Below, find the line containing "Scaffolding Base Jack" and the line containing "The Barista's Blend"; reproduce exactly those two and every line between them, omitting pictures.

**Data for this task:**
========

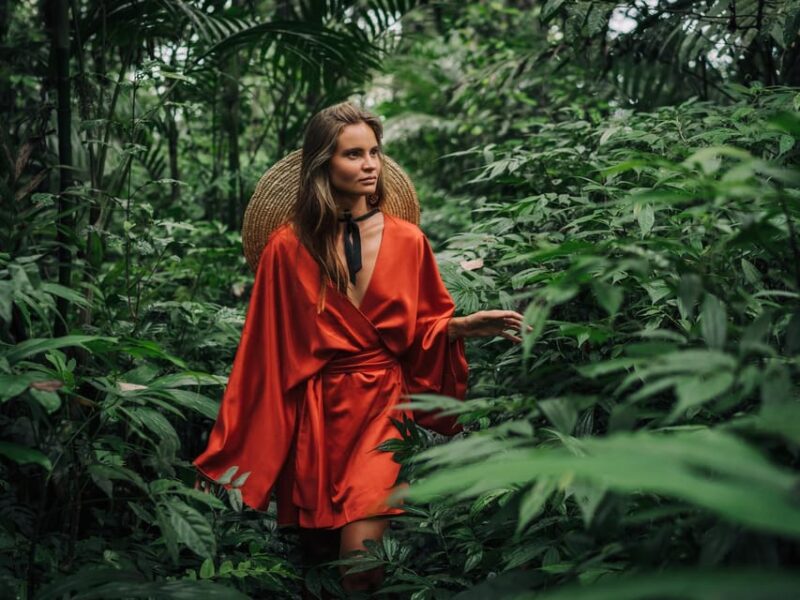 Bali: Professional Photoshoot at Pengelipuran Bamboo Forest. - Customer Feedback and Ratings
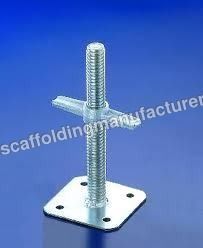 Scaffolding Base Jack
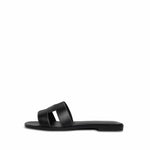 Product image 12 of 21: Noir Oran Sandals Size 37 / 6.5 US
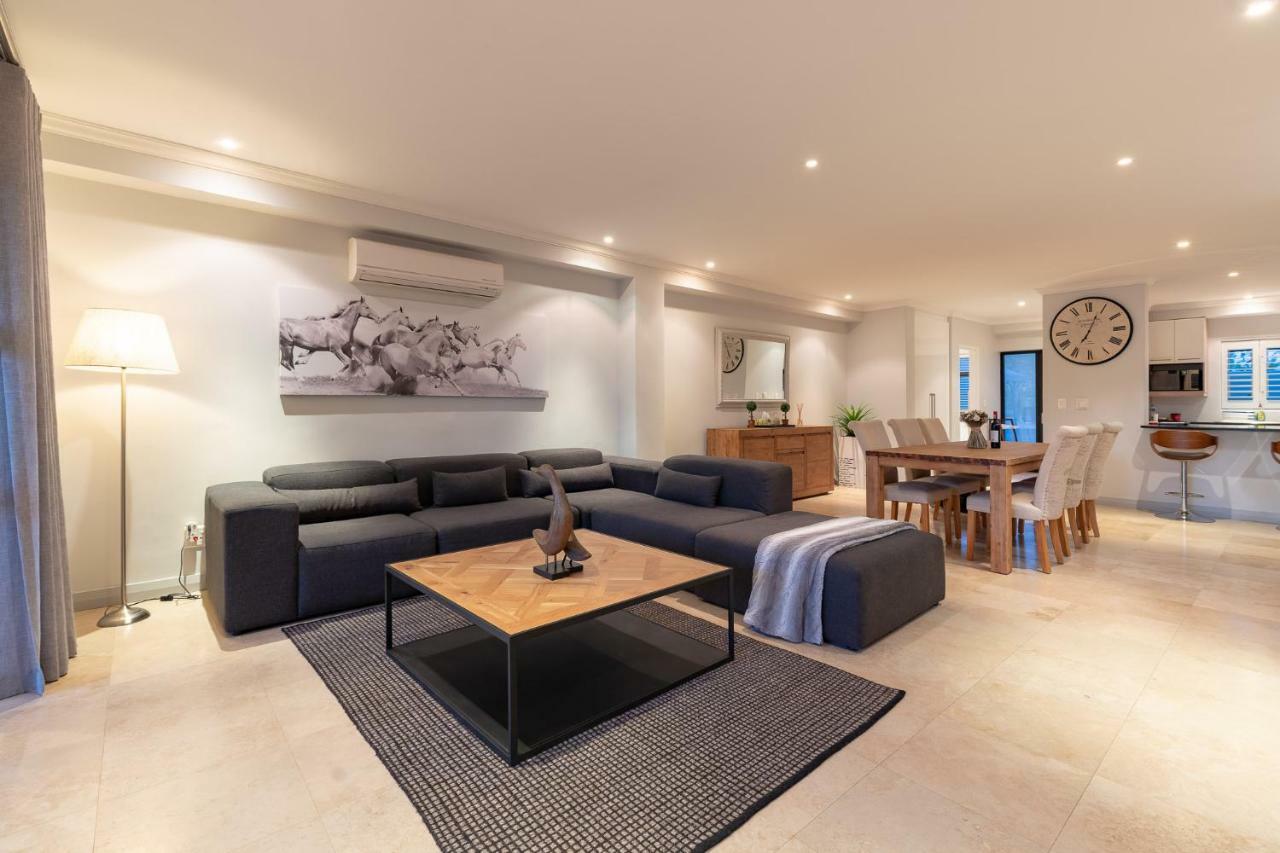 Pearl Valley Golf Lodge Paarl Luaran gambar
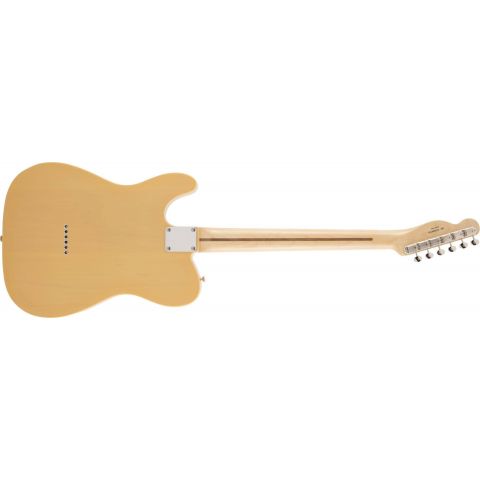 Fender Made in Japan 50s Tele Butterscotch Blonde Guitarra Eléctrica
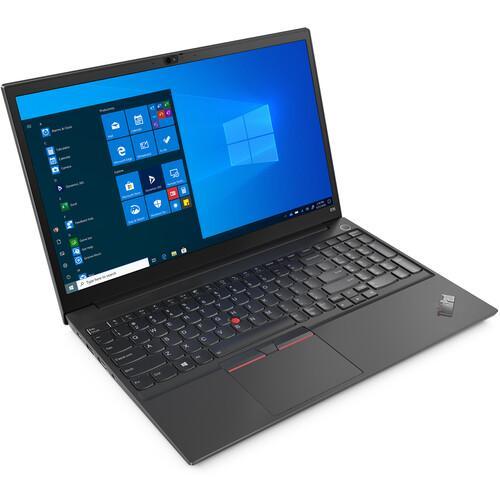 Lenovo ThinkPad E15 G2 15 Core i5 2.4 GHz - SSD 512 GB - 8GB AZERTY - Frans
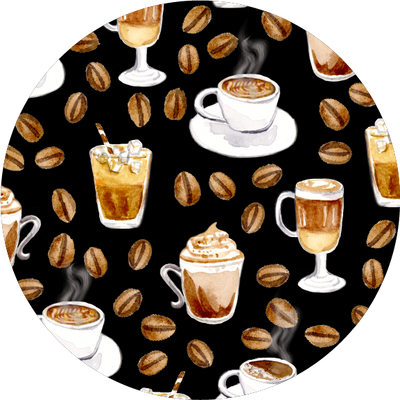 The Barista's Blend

========

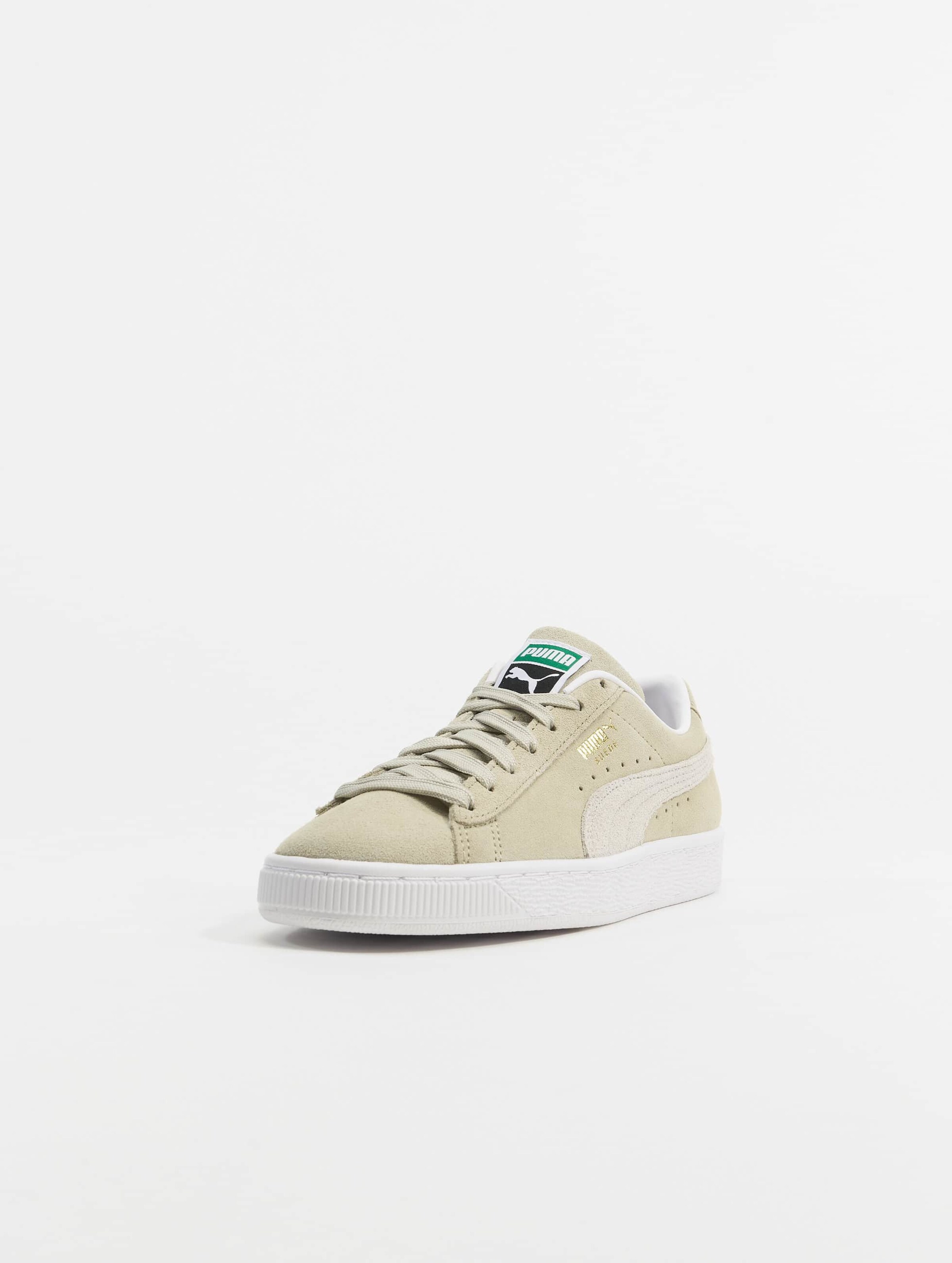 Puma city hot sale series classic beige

========

**Response to this task:**
 Scaffolding Base Jack
 Product image 12 of 21: Noir Oran Sandals Size 37 / 6.5 US
 Pearl Valley Golf Lodge Paarl Luaran gambar
 Fender Made in Japan 50s Tele Butterscotch Blonde Guitarra Eléctrica
 Lenovo ThinkPad E15 G2 15 Core i5 2.4 GHz - SSD 512 GB - 8GB AZERTY - Frans
 The Barista's Blend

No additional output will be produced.